Microarray data that were obtained from the LacIv-fos time course experiments and passed the variance filter were grouped into relative expression pattern bins by the self-organizing map (SOM) program in the GeneMaths software package (version 1.5; Applied Maths, Austin, TX). The SOM analysis was performed by using a 6 × 3 node format to allow optimal representation of gene expression patterns in a reasonably small number of independent bins.

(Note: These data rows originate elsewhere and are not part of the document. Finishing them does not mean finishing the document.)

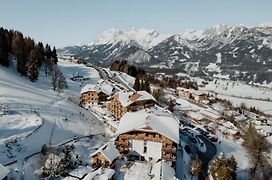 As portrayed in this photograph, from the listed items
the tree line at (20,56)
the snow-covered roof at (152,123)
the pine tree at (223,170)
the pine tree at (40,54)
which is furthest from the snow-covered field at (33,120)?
the pine tree at (40,54)

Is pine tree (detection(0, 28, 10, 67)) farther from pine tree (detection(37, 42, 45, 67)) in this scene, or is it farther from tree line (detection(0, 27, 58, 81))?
pine tree (detection(37, 42, 45, 67))

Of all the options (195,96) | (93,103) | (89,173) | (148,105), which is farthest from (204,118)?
(89,173)

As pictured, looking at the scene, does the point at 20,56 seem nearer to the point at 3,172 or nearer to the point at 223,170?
the point at 3,172

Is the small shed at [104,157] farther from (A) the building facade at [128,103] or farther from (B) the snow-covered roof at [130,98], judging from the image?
(B) the snow-covered roof at [130,98]

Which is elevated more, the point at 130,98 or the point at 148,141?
the point at 130,98

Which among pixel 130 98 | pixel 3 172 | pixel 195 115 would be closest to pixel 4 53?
pixel 130 98

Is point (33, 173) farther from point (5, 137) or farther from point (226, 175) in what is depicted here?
point (226, 175) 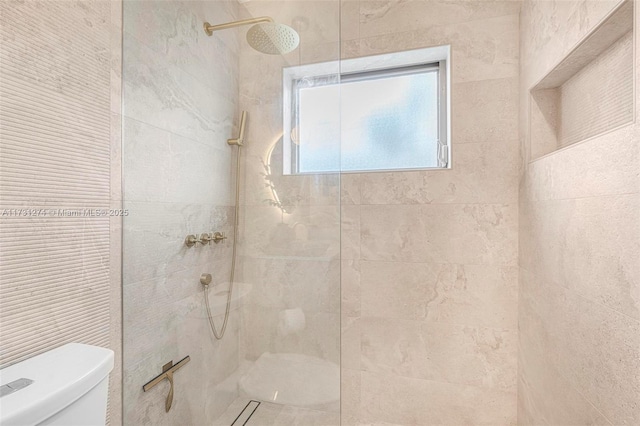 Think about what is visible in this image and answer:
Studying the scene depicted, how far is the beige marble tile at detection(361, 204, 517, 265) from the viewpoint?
1.45 meters

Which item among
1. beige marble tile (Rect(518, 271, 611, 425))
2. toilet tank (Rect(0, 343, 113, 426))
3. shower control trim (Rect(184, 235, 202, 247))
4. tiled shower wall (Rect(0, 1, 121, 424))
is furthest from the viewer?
shower control trim (Rect(184, 235, 202, 247))

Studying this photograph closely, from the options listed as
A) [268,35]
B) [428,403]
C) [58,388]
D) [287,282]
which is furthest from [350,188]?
[58,388]

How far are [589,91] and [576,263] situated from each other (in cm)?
56

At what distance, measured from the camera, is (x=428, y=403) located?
1.51m

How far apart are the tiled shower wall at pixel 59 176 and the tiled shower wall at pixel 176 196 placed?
5 cm

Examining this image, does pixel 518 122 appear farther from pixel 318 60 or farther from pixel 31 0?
pixel 31 0

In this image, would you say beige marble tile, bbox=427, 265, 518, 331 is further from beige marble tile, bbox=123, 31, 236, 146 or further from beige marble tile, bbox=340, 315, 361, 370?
beige marble tile, bbox=123, 31, 236, 146

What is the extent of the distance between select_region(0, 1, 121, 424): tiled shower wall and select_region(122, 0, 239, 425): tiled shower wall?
0.15 ft

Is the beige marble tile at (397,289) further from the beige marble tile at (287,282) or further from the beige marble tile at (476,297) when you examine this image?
the beige marble tile at (287,282)

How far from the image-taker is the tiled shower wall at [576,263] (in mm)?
724

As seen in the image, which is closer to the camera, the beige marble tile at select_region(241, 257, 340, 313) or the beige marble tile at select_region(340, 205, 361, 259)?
the beige marble tile at select_region(241, 257, 340, 313)

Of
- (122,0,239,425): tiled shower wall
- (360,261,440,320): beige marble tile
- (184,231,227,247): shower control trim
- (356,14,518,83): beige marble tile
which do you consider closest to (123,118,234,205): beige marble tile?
(122,0,239,425): tiled shower wall

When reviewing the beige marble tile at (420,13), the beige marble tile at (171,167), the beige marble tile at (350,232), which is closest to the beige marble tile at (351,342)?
the beige marble tile at (350,232)

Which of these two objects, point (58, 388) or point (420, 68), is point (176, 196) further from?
point (420, 68) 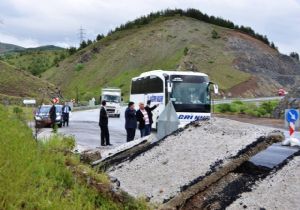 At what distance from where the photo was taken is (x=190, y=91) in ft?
97.8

The SOM searchable database has been implemented on an Open Source MySQL 4.0.14 relational database management system. The database has a web interface at http://www.stjuderesearch.org/v-fosSOM/. The web application to query and manage the database is driven with a server-side scripting technology JSP. The entries of this database are generated from the tab-delimited output files of the SOM analysis. Data obtained from the SOM analysis can be queried by three approaches. Users can click on a graphical pattern key to view a list of all genes whose expression profiles match the particular self-organization pattern. Each entry in the list contains two parameters associated with the respective gene probe, i.e., the Affymetrix probe set ID number and a description of the gene. The detailed Affymetrix analysis data for a probe set can be obtained by clicking the link of the respective probe set ID number. The corresponding Affymetrix analysis page provides information about the number of oligonucleotide pairs, the signal magnitude, the detection status, and the detection p value at seven different time points derived from 2 independent experiments. Another search method is to query via the GenBank accession number. The query by accession number is based on the fact that each Affymetrix probe set ID number in our current experiments corresponds to a gene accession number. If an accession number in a query matches with any part within a probe set ID number, the entry containing the probe set ID number, its SOM pattern, and gene description is displayed. Hyperlinks are provided for both probe set ID numbers and SOM pattern. By following the link for a probe set ID number, the user can view the detailed Affymetrix analysis data for a selected gene probe; by following the link for an SOM pattern, the user can view the detailed Affymetrix analysis data for all the gene probes within the selected pattern. Also, a keyword-based text search is included in the database. A search for keywords in the paragraph of the gene description field is conducted in a case-insensitive manner. The search-by-keyword method is facilitated by the use of Boolean operations. The search can narrow or broaden quickly the results of the search by combining two or more keyword(s) with only one type of Boolean (and / or) operation.